#C12938. House Price Prediction Pipeline

    ID: 42420 Type: Default 1000ms 256MiB

House Price Prediction Pipeline

House Price Prediction Pipeline

You are given a CSV dataset containing house data with the following columns: Rooms, Type, Distance, and Price. Your task is to preprocess the data by handling missing values and encoding categorical features using one‐hot encoding. Then, split the dataset into training and testing sets (using an 80/20 split with a fixed random_state of 0), train a Linear Regression model on the training data, and finally predict the house prices on the test set. The predictions should be output as CSV to standard output with a header PredictedPrice. All mathematical formulas should be expressed in LaTeX format. For example, the normal equation in linear regression is given by: \[ \beta = (X^T X)^{-1} X^T y \]

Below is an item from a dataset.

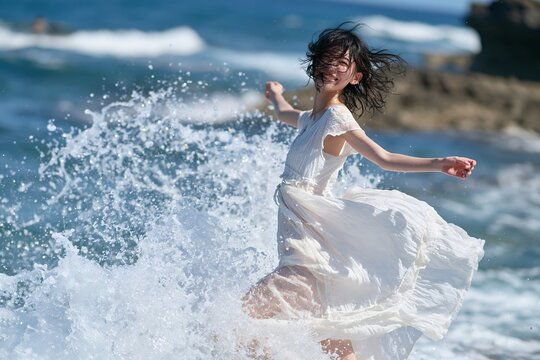 海辺で笑顔の日本人女性が水しぶき浴びてはしゃぐ夏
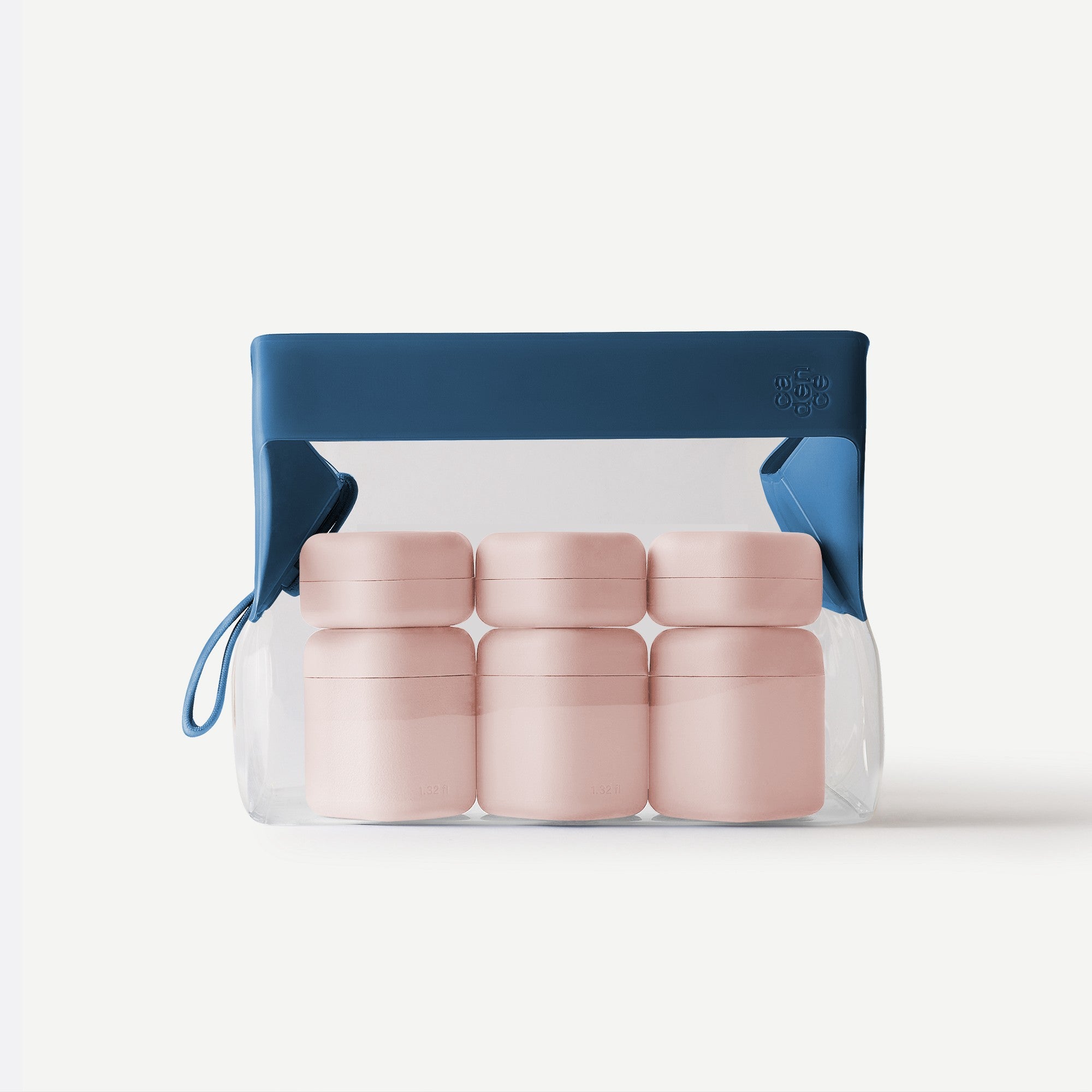 Set of pink containers in a clear plastic bag with a blue handle on a white background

Your solution must read the input CSV via stdin and output the CSV (with the predicted prices) to stdout.

inputFormat

The input is a CSV formatted text provided via standard input. The first line is the header: Rooms,Type,Distance,Price. Each subsequent line corresponds to one record of data.

outputFormat

The output should be a CSV text printed to standard output. It must contain a header line with PredictedPrice and then one line per test case record, listing the predicted price as a floating-point number.

## sample
Rooms,Type,Distance,Price
1,house,5.5,310000
2,unit,8.2,450000
3,house,12.7,540000
2,house,7.3,320000
3,unit,3.0,520000
PredictedPrice

299142.85714285716